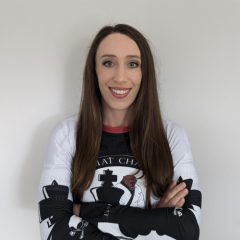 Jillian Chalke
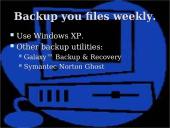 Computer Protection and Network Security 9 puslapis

• • • •

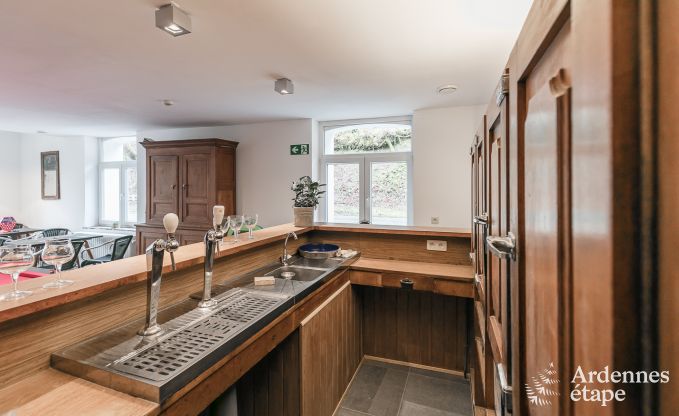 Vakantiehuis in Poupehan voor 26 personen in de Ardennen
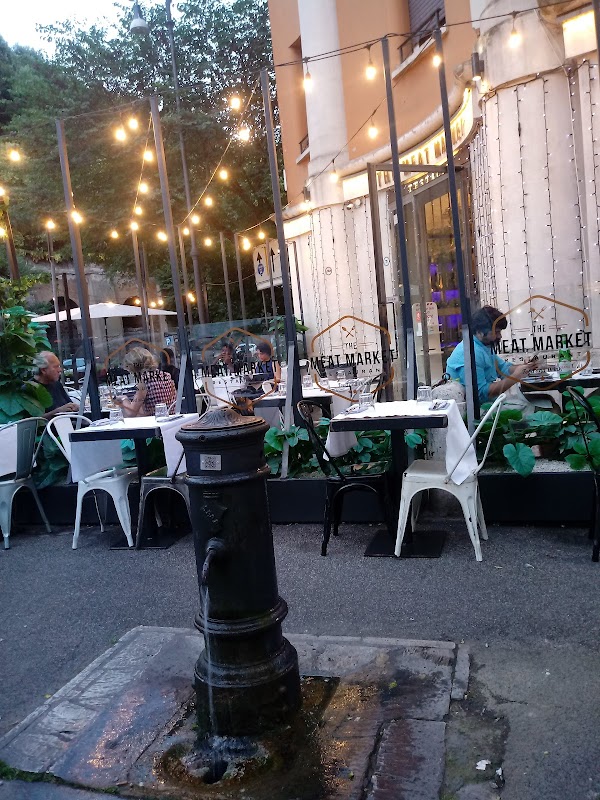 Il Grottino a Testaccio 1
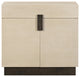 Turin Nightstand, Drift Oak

• • • •

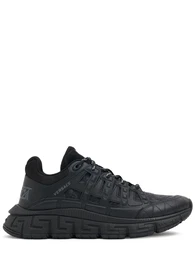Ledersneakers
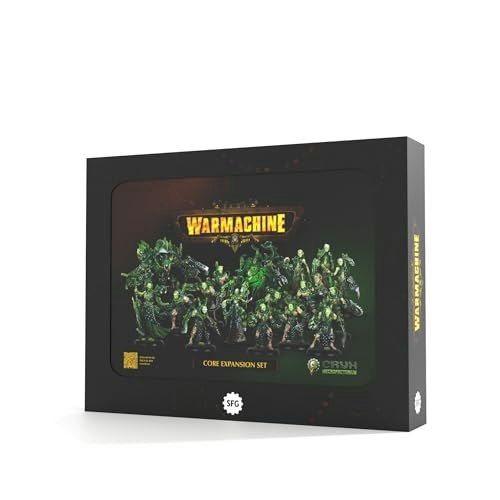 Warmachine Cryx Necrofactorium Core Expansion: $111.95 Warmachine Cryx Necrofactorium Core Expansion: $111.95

• • • •

What is being asked |
Starting from the line with "Ledersneakers" in the records above, repeat each line exactly until you have written the line with "Expansion: $111.95 Warmachine", then stop; drop the pictures.

Result for this task |
Ledersneakers
 Warmachine Cryx Necrofactorium Core Expansion: $111.95 Warmachine Cryx Necrofactorium Core Expansion: $111.95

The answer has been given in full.